Arbitrary Administration
The history of American gun law and its enforcement unfortunately lends credence to the paranoia gun owners feel as a beleaguered minority. The Sullivan Law as administered in New York City is a case in point. Enacted in 1911, it made New York the first state to require a permit for a handgun on one's own premises (to this date, only a few states require such a permit). Support for its passage came not from liberal reformers interested in limiting crime - their focus at the time was liquor, not guns (indeed such liberals as Teddy Roosevelt, his niece Eleanor, and Drew Pearson carried guns for their own protection) - but from business and the then - conservative American Bar Association which associated handguns with foreign-born anarchists, labor agitators, and criminals.
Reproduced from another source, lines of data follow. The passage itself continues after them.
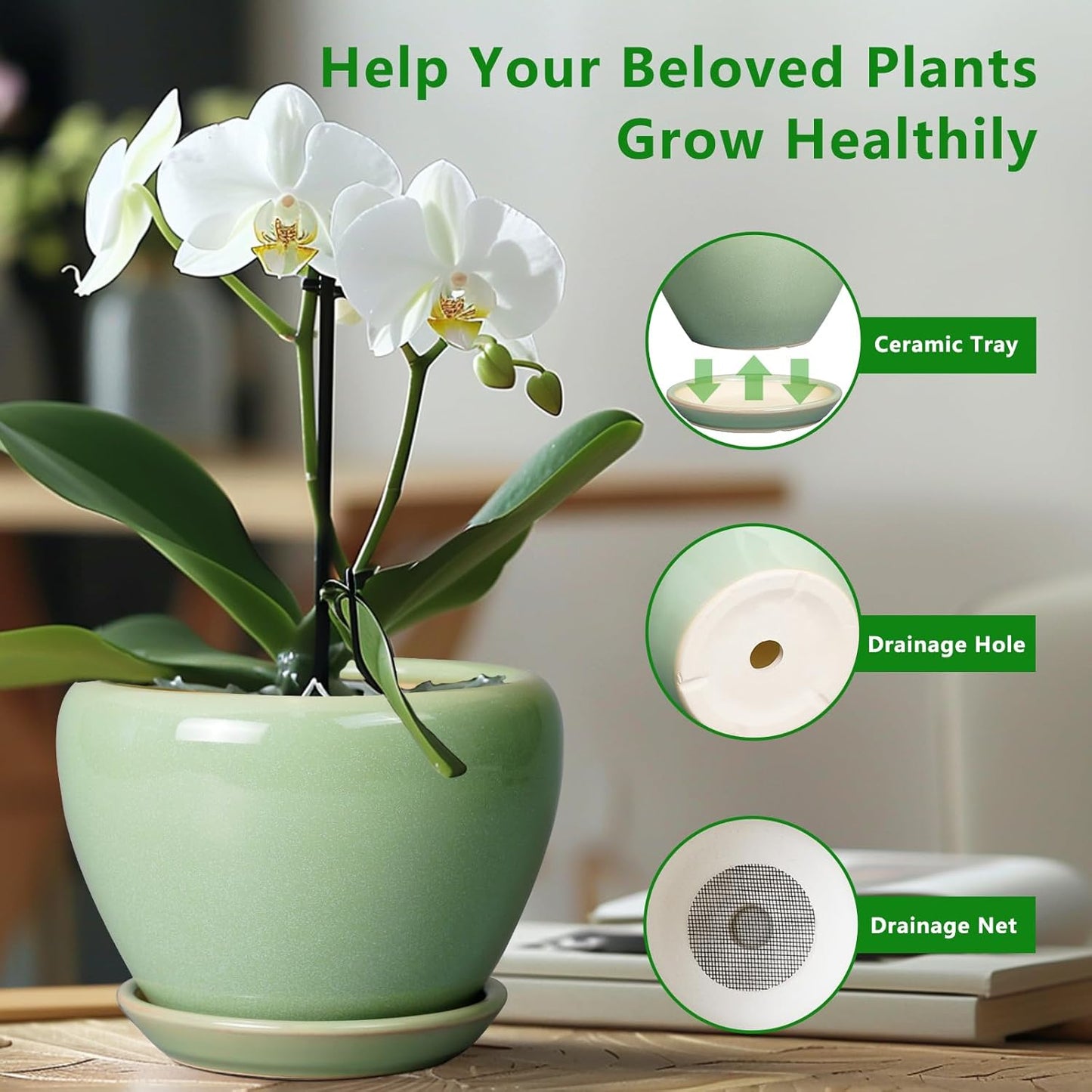 Ceramic Planter Pot - 10 Inch Plant Pot for Indoor Plants Decorative Planter with Drainage Hole and Saucer Large Pot for Plants Outdoor Round Flower Pot for Garden Green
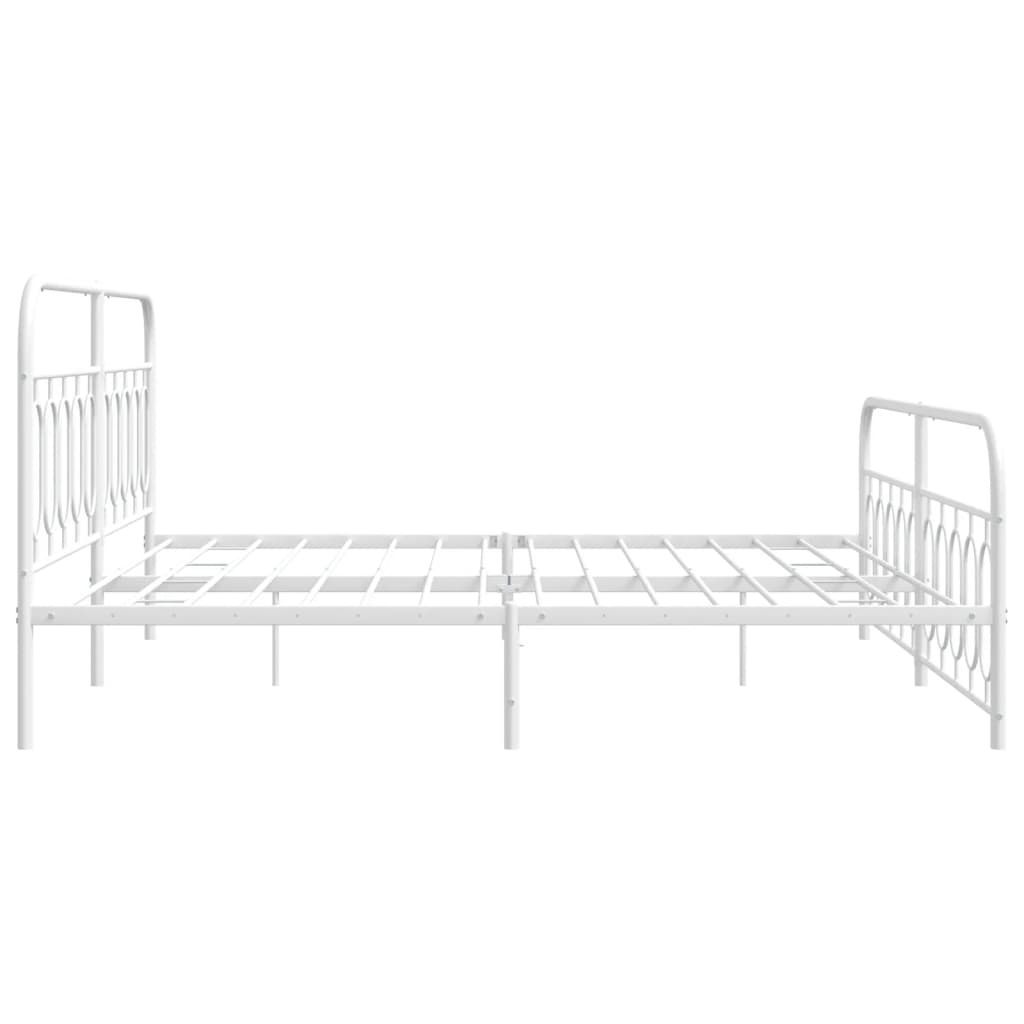 Estrutura de cama com cabeceira e pés 200x200 cm metal branco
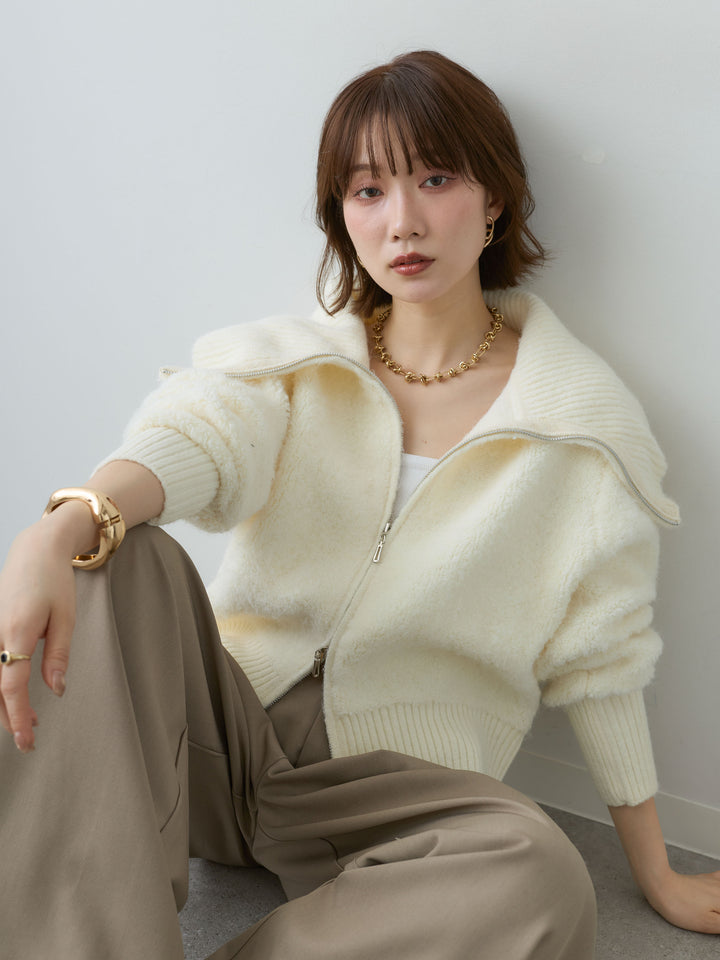 [SET]ビッグカラーシャギーニットブルゾン+ビッグカラーシャギーニットブルゾン(2set)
Articles, not just editorials, in conservative papers like the New York Times spoke of "low-browed foreigners" prowling gun shops for bargains; handguns reposing "chiefly in the pockets of ignorant and quarrelsome immigrants of lawbreaking propensities"; and "the practice of going armed . . . among citizens of foreign birth."
Though permit denial was at first concentrated in the Italian and Jewish areas, over the years it became the unacknowledged mechanism for banning handguns to the general population. New York decided in 1957, for example, that target shooting was no longer a legitimate reason for handgun ownership; permits would henceforth be issued only to businessmen, security guards, and a select few wanting guns for their own protection, by the early 1970s. This policy of progressively limiting permits given to ordinary citizens had reduced premises permits to less than one-seventh the number issued in London (although New York City was estimated to have one to two million unpermitted handguns). When New York appellate courts held that applicants could only be rejected if found unfit, New York City simply ignored the rulings. When the gun lobby obtained injunctions forcing the city to comply, it did, but only after establishing a two-year wait to obtain the gun-permit form. Finally, when the New York legislature reaffirmed the court decision and ordered that permit approvals or denials be made within six months, the city imposed an enormous processing fee, making application and renewal economically feasible only for the well-to-do.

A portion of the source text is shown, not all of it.